(Dataset excerpts Opens)
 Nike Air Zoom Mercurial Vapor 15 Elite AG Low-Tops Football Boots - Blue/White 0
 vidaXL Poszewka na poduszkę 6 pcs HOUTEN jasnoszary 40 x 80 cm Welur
(Dataset excerpts Closes)
(Dataset excerpts Opens)
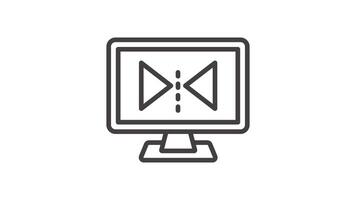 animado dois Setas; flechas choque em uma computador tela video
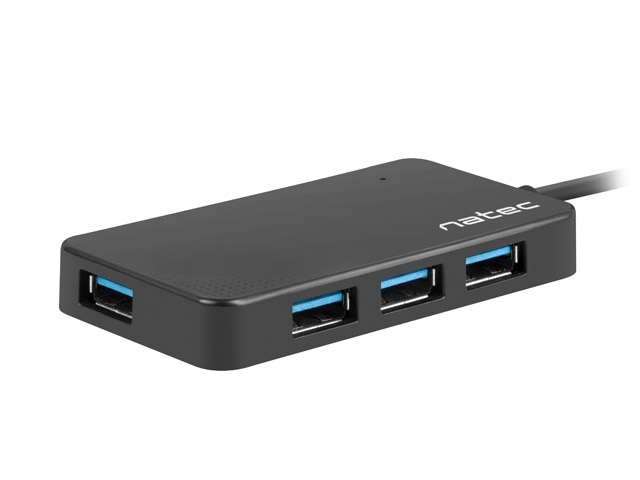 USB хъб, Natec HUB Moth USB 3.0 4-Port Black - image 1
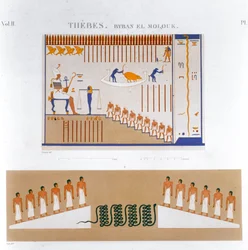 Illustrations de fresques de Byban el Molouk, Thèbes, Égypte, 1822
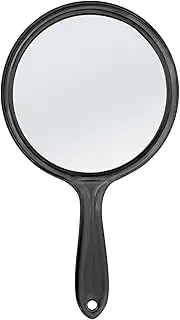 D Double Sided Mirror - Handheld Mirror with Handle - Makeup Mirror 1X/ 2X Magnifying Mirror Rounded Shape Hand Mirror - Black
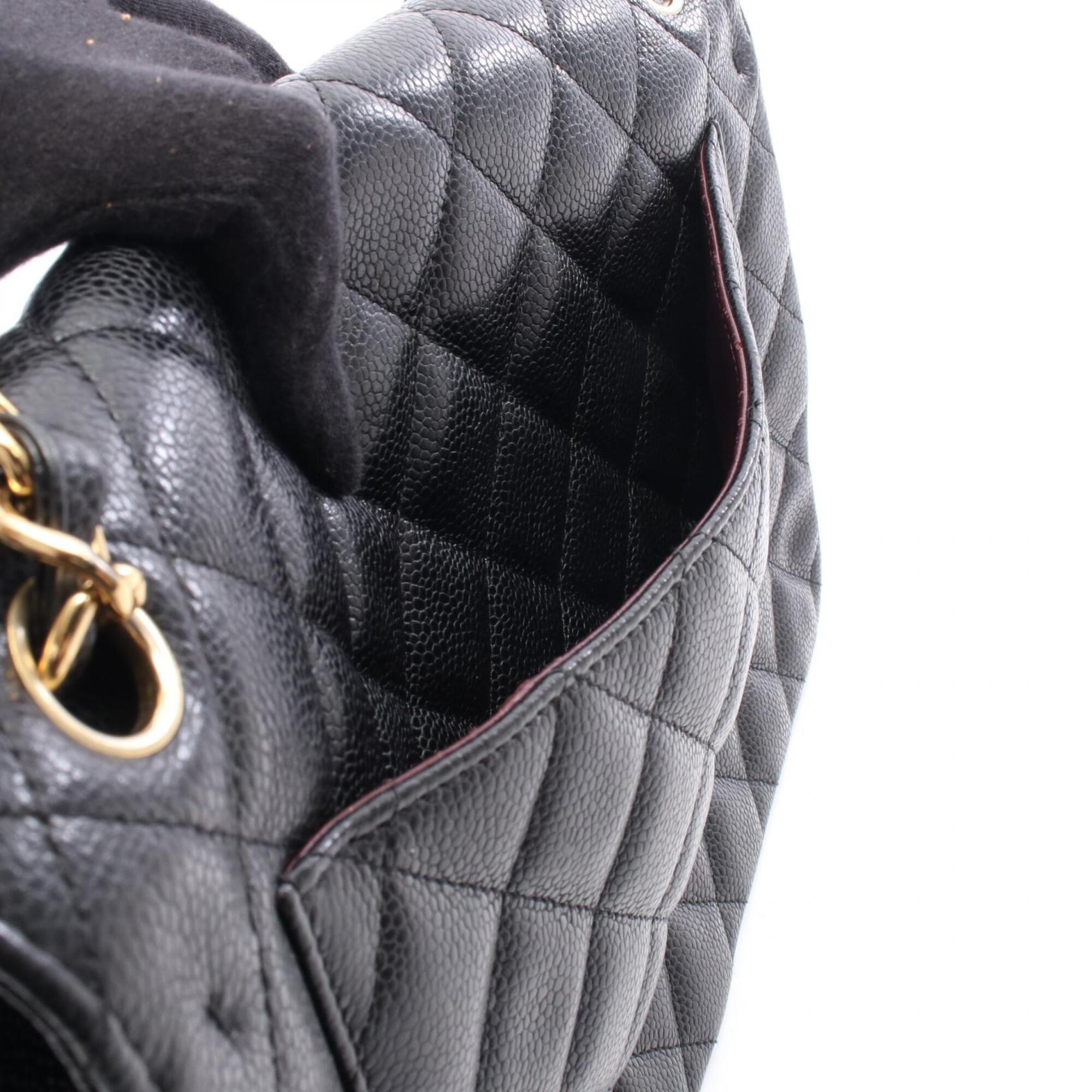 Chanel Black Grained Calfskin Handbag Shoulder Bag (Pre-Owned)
(Dataset excerpts Closes)
Keeping every character as it is, restate the lines above that run from the line with "Nike Air Zoom" through the line with "vidaXL Poszewka na", both included, and nothing else.

#### Solution:
 Nike Air Zoom Mercurial Vapor 15 Elite AG Low-Tops Football Boots - Blue/White 0
 vidaXL Poszewka na poduszkę 6 pcs HOUTEN jasnoszary 40 x 80 cm Welur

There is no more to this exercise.